You're problem is that you are creating only one Random instance. By default, if you do not supply a seed number, the current time will be used as a seed. However, you're code is executing so quickly, that the same time is being used as a seed (because you're code is executing faster than the smallest resolution of the clock), so the number you receive is the same each time.

When you add a breakpoint, you add a delay into your program so that a different time is being used for the seed.

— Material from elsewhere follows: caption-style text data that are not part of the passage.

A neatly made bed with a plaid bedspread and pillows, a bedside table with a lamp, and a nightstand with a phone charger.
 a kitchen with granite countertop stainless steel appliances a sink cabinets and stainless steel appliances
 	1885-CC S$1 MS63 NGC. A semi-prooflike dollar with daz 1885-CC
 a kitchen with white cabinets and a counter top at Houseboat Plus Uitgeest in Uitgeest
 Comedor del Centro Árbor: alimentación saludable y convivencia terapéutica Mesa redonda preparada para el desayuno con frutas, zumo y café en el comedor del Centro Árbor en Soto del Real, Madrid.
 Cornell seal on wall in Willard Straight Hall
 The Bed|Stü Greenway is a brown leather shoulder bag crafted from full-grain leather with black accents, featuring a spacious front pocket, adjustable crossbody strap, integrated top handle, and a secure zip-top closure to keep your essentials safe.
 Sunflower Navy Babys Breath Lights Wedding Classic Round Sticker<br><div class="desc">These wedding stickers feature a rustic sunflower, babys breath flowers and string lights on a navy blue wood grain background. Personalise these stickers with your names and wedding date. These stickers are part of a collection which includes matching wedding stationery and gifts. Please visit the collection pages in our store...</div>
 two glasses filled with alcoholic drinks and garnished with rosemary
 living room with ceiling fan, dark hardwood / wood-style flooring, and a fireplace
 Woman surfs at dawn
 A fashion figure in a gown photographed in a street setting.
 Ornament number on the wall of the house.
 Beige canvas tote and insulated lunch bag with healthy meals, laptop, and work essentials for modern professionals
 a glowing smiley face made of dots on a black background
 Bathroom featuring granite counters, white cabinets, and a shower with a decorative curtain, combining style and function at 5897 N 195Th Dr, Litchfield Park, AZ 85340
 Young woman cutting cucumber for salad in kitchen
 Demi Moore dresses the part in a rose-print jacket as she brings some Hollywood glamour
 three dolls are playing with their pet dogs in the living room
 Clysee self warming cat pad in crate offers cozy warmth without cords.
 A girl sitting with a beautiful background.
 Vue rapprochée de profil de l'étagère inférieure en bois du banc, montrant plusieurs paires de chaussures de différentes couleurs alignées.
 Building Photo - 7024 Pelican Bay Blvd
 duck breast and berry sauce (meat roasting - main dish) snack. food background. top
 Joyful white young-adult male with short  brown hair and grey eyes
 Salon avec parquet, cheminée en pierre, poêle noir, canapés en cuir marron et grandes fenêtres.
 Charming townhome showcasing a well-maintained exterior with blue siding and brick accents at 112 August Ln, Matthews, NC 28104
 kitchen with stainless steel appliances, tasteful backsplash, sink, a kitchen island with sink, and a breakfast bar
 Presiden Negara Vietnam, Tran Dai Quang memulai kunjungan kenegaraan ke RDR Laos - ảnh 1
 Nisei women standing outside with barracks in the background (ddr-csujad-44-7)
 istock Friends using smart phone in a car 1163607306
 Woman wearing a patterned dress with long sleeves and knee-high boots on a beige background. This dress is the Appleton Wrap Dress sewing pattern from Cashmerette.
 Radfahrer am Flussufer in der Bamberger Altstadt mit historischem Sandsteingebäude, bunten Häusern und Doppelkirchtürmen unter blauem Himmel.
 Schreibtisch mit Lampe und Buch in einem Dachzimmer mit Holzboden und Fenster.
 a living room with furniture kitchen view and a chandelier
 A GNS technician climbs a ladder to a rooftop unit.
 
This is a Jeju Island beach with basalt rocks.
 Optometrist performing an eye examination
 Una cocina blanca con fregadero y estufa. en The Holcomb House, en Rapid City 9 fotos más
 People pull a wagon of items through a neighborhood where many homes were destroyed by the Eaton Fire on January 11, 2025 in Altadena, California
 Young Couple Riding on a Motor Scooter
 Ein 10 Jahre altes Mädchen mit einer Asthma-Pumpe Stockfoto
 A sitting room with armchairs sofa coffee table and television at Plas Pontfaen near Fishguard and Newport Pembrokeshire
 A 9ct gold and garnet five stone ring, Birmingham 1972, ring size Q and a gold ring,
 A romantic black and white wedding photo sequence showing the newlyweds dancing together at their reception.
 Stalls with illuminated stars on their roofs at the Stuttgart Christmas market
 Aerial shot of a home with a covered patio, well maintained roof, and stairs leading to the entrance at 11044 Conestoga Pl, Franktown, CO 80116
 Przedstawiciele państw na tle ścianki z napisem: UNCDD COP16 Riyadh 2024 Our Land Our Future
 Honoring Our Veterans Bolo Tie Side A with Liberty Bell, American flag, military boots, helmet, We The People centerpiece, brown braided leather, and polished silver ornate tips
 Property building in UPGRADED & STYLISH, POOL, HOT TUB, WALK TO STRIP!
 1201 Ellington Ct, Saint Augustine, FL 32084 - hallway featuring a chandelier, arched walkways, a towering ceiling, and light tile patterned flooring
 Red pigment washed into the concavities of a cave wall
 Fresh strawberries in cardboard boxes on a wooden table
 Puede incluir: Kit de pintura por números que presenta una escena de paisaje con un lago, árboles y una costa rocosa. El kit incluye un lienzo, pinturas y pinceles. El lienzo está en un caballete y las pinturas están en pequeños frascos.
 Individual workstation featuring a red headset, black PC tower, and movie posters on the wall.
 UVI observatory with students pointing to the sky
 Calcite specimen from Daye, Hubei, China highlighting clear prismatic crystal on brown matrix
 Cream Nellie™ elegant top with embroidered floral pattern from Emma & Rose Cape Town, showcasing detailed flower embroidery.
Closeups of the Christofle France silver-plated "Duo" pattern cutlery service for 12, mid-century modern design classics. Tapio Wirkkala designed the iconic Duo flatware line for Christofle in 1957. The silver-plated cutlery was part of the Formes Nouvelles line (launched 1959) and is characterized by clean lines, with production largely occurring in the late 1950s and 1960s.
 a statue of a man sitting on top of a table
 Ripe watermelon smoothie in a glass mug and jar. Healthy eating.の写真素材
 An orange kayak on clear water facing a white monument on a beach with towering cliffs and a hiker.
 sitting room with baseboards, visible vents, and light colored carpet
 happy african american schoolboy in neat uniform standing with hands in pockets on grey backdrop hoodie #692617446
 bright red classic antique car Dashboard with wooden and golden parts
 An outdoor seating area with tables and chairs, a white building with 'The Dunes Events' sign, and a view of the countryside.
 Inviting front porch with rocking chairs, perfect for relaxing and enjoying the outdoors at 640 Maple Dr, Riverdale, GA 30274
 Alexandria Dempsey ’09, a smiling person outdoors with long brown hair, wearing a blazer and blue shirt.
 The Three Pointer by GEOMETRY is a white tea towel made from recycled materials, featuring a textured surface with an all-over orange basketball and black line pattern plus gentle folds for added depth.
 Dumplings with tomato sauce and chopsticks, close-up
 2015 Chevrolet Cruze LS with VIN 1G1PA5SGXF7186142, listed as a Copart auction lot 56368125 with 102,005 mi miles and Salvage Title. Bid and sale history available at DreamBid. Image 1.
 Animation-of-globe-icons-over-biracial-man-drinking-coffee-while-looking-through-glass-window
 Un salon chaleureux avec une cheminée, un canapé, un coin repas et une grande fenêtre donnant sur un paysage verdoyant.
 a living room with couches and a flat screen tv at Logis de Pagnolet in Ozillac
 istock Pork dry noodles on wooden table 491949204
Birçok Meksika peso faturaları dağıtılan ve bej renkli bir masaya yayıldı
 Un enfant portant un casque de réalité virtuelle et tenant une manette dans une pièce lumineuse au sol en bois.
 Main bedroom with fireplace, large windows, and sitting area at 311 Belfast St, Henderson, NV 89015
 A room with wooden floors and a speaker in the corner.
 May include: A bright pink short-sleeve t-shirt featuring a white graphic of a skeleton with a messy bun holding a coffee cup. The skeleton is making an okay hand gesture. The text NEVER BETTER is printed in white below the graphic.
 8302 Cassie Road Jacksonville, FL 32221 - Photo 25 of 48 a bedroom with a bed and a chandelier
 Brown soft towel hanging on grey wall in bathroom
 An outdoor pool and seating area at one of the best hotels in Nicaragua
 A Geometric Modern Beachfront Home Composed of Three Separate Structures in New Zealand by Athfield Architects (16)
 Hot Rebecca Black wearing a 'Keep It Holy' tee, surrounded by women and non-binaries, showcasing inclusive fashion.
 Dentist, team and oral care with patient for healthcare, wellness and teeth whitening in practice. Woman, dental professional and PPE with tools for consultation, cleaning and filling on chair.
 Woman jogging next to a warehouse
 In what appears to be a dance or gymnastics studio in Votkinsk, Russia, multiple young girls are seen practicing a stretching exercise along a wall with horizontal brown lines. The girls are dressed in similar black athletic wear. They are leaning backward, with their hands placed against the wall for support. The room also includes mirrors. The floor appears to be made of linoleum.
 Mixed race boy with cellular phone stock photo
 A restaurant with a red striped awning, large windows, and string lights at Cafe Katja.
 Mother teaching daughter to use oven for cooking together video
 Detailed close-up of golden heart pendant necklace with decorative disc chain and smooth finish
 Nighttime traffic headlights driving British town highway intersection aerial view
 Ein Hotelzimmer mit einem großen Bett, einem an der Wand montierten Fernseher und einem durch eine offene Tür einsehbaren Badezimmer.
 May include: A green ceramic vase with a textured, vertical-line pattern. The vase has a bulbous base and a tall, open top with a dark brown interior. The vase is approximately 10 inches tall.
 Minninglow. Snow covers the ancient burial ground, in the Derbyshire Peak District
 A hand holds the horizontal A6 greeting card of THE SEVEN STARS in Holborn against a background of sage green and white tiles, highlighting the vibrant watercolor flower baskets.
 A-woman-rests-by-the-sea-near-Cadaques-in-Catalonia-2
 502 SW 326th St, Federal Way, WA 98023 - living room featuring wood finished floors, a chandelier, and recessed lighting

The best fix is to create only a single instance of Random. Each call to random.Next will then generate a different number. For example, you could change your code to:

private static Random random = new Random();

public static string GetVoucherNumber(int length)
{
    var chars = "ABCDEFGHIJKLMNOPQRSTUVWXYZ0123456789";
    var result = new string(
        Enumerable.Repeat(chars, length)
                  .Select(s => s[random.Next(s.Length)])
                  .ToArray());

    return result;
}

edited Apr 11 '14 at 11:59

answered Apr 11 '14 at 11:53

RB.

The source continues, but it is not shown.